His gloved hands rose slowly, palms outward. No insignia, no weapons. Just the faint static crackle of an Esper's aura — wild, unranked like mine.

"That name is dead," I hissed.

"Dead things don't haunt archives." He tugged down his hood, revealing a face gaunt and weathered, with eyes like smoldering coals. "You truly don't remember, do you? I suppose the Crown scrubbed you harder than the rest of us."

'Us?' I let the shadow-blade dissipate but didn't lower my guard. "Who are you?"

He smirked, walking toward the window. "Call me Wraith. We shared a cellblock in Facility Nine. You screamed a lot. Still do, according to your nightmares."

"What do you mean?" I narrowed my eyes.

"You'll know soon enough. But if you want answers about your past—and revenge—you need to come with me. Now."

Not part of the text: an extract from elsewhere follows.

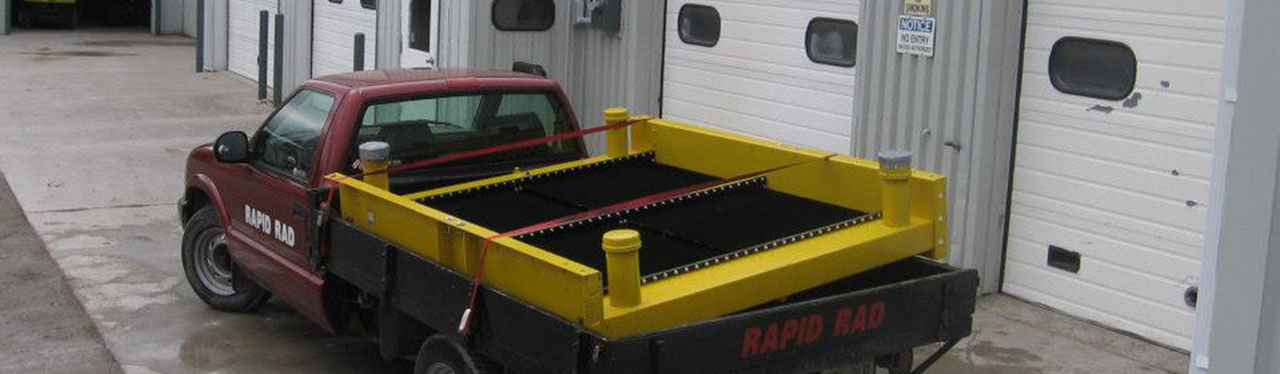 Rapid Rad truck carrying a large truck radiator built by heating & cooling specialists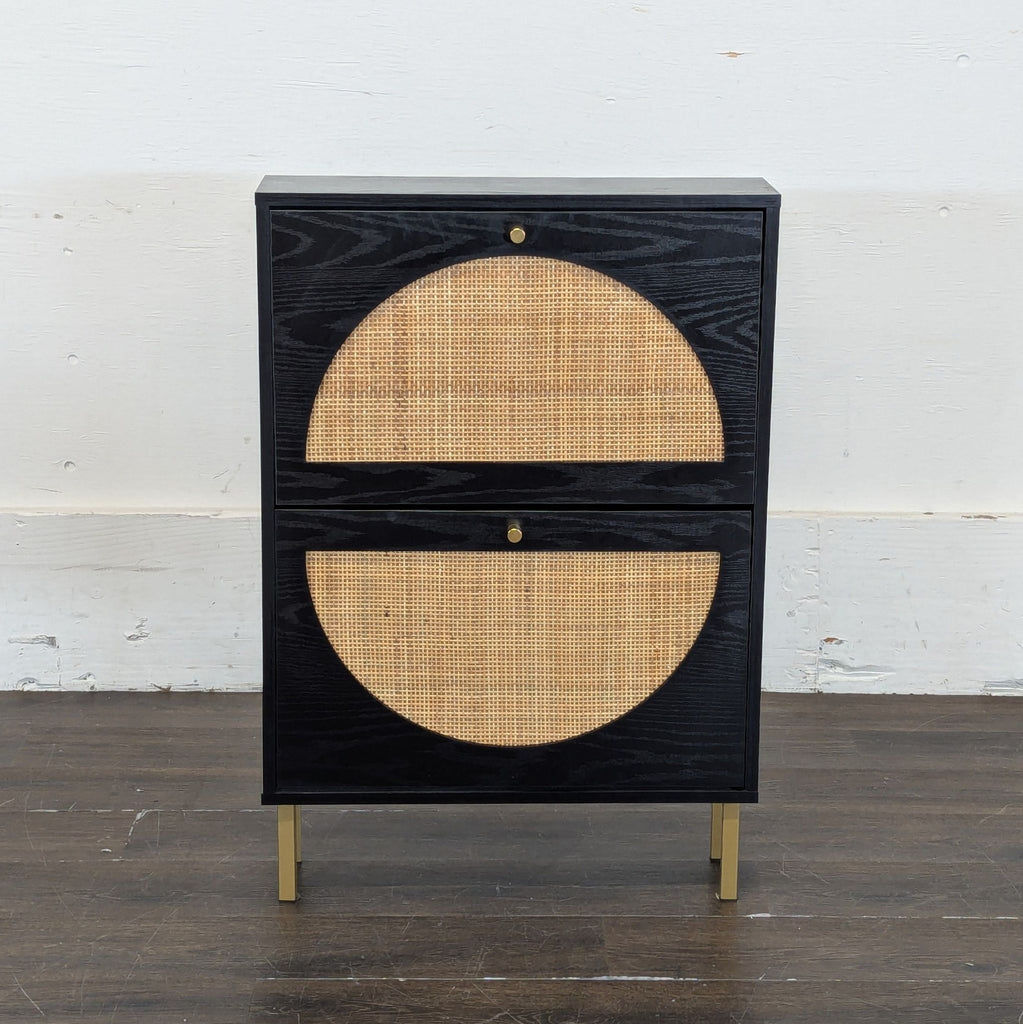 2. Modern black cabinet with rattan semi-circle panels and brass legs, set against a plain white wall.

For a moment, I hesitated. 

This could be a trap. But deep down, I already knew one thing: staying here wouldn't give me what I needed. 

Revenge didn't wait patiently. Neither did truth. Swinging my legs off the bed, I grabbed my jacket and slipped it back on without a word. Whatever game this was, I intended to play it on my terms.

"If you did something fishy… I'm going to torture you to death."